(Description of the task)
Starting with the line with "Toyota Yaris 1.33 Vvt-i Tr Blue #57" in the entries below and going on through the line with "Casa com 2 dormitórios", output every line exactly and nothing more. No pictures.

##### Provided information

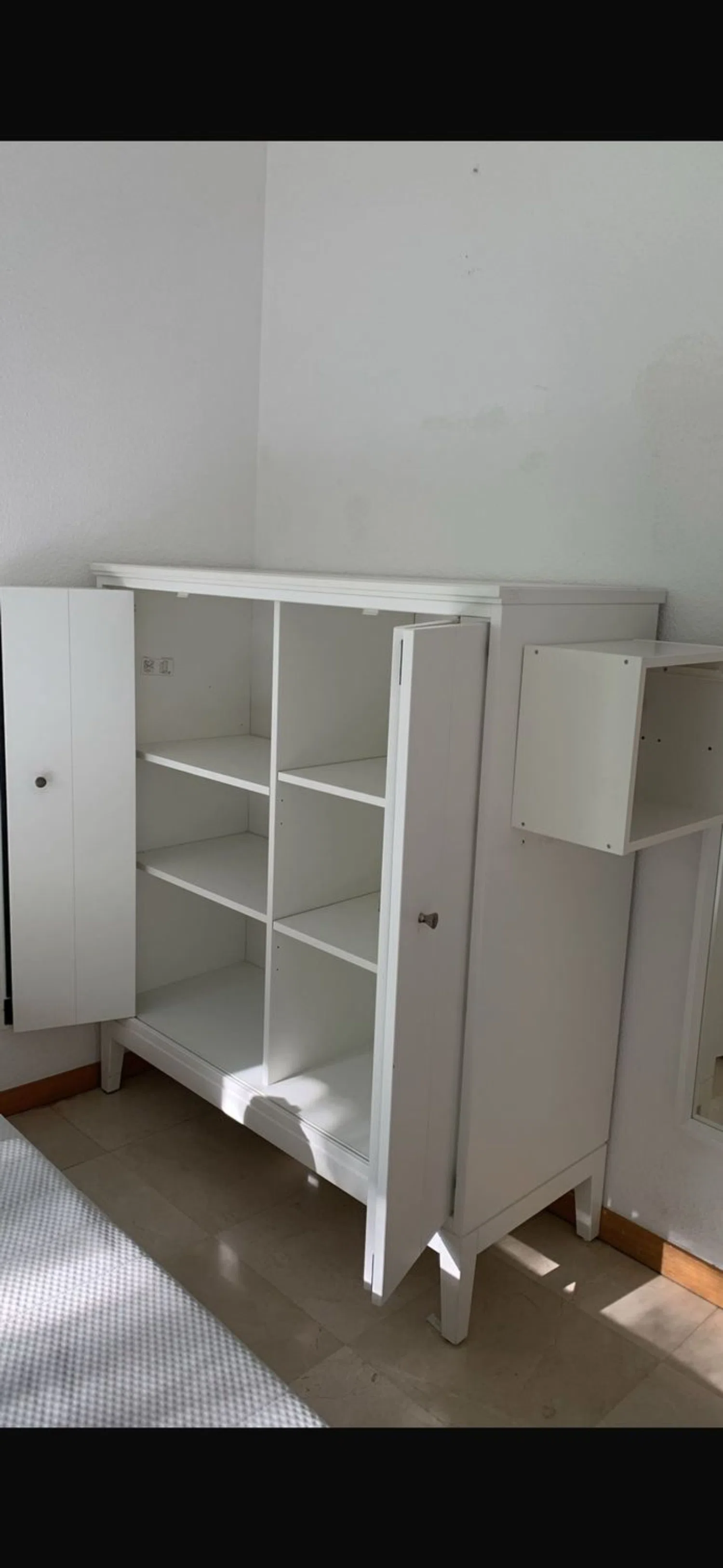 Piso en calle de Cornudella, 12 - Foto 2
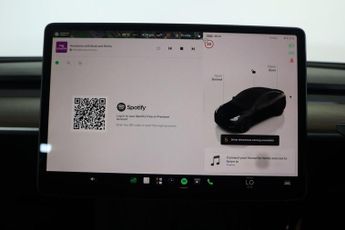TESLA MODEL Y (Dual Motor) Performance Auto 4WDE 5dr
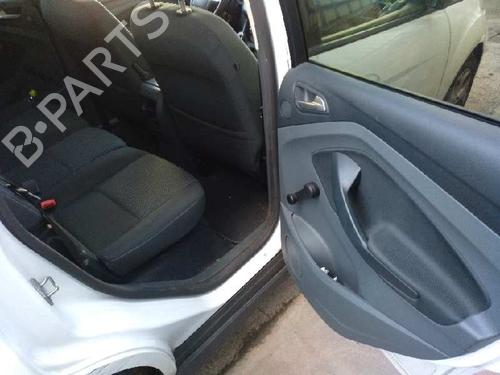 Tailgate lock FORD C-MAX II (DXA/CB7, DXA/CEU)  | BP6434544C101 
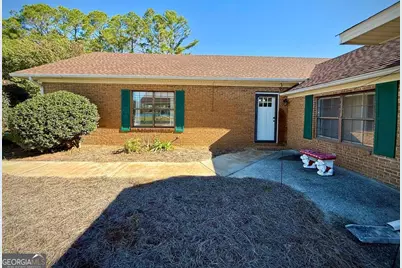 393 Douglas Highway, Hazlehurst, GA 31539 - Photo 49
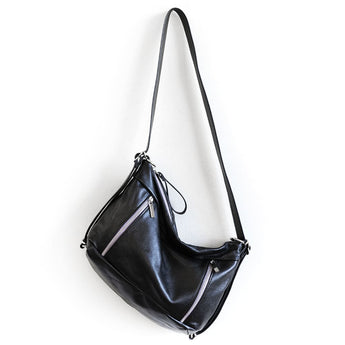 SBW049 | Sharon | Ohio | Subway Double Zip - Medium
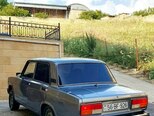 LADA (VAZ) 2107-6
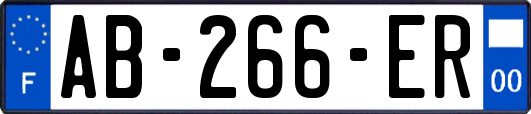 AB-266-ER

##########
##### Provided information

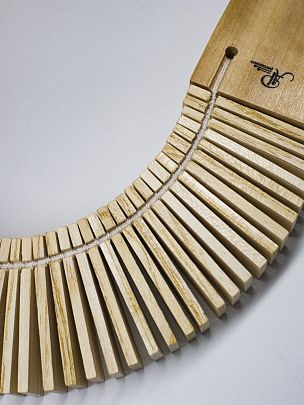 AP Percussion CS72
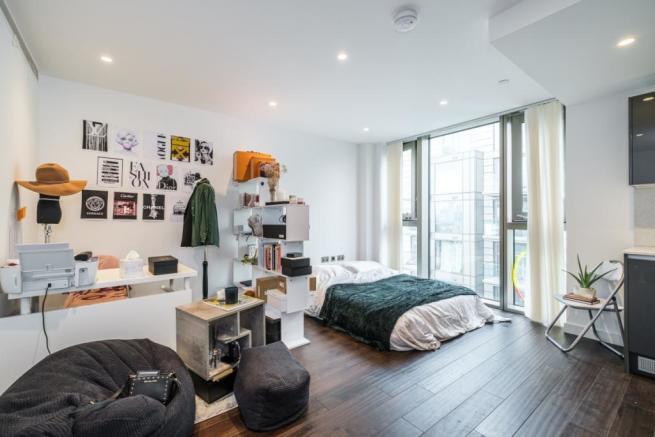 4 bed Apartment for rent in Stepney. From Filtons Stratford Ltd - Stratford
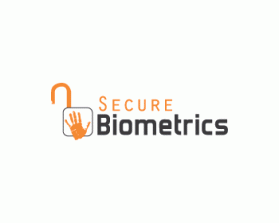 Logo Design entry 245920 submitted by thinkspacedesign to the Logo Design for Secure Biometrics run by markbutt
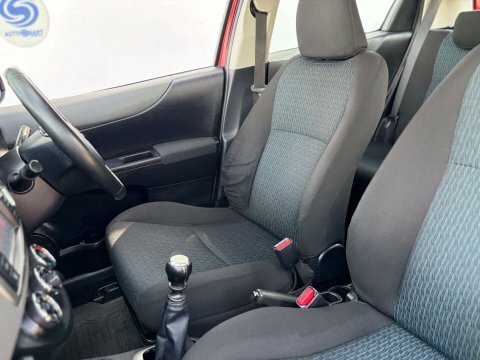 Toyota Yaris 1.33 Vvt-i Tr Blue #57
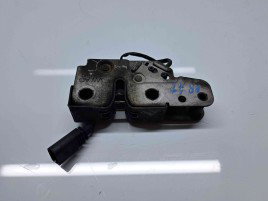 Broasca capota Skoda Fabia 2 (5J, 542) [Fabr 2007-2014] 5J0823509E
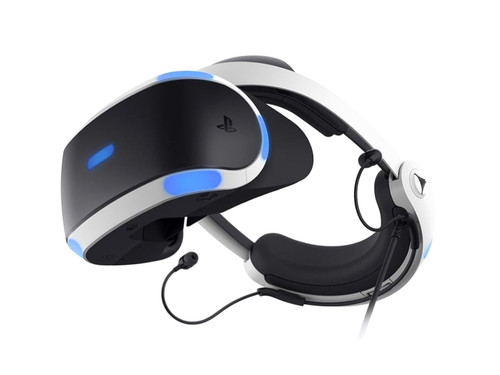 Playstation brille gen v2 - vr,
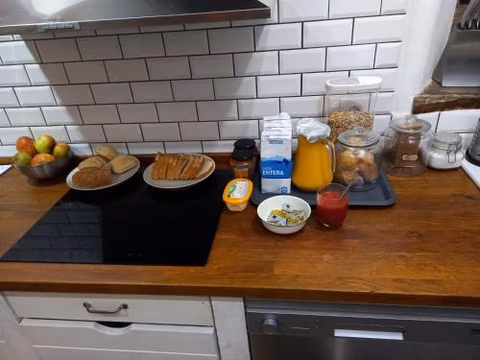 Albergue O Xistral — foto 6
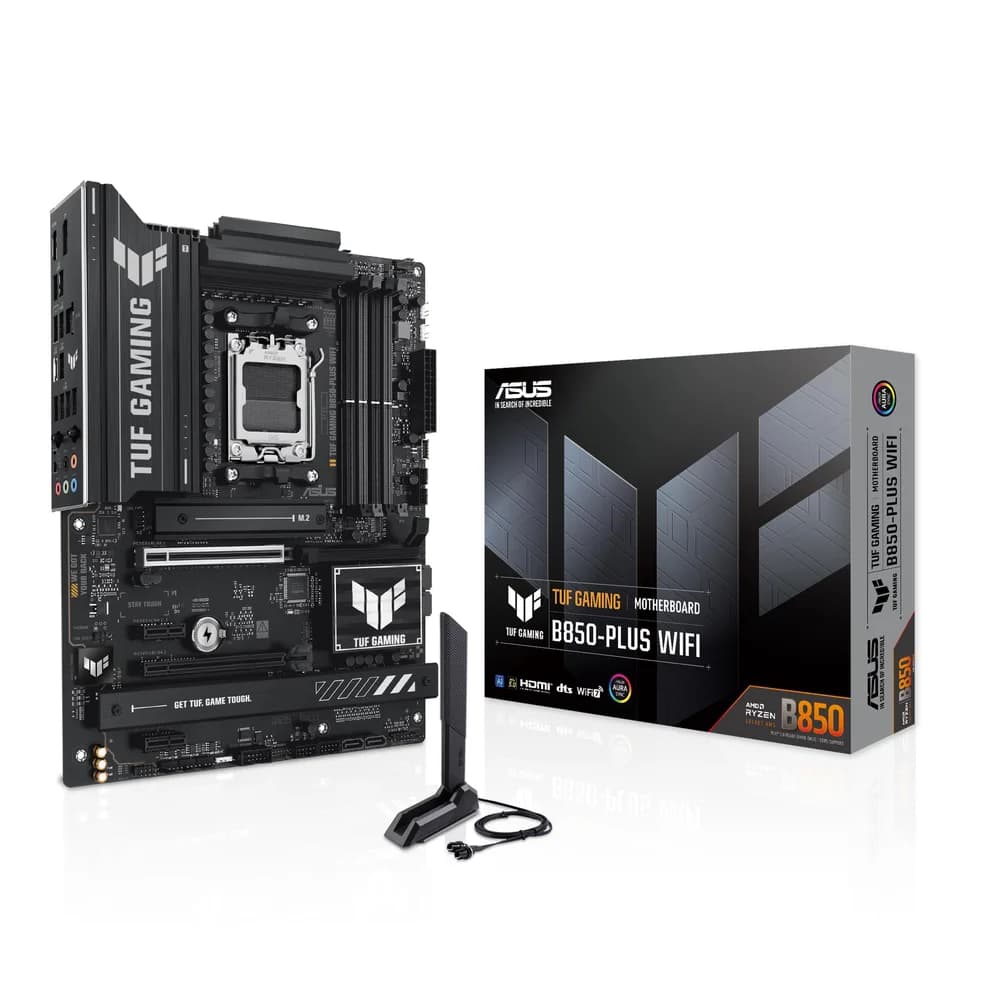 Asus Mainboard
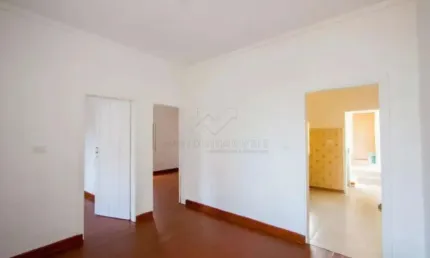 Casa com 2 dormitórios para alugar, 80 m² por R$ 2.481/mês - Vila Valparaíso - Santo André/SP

##########

(Answer to this problem)
 Toyota Yaris 1.33 Vvt-i Tr Blue #57
 Broasca capota Skoda Fabia 2 (5J, 542) [Fabr 2007-2014] 5J0823509E
 Playstation brille gen v2 - vr,
 Albergue O Xistral — foto 6
 Asus Mainboard
 Casa com 2 dormitórios para alugar, 80 m² por R$ 2.481/mês - Vila Valparaíso - Santo André/SP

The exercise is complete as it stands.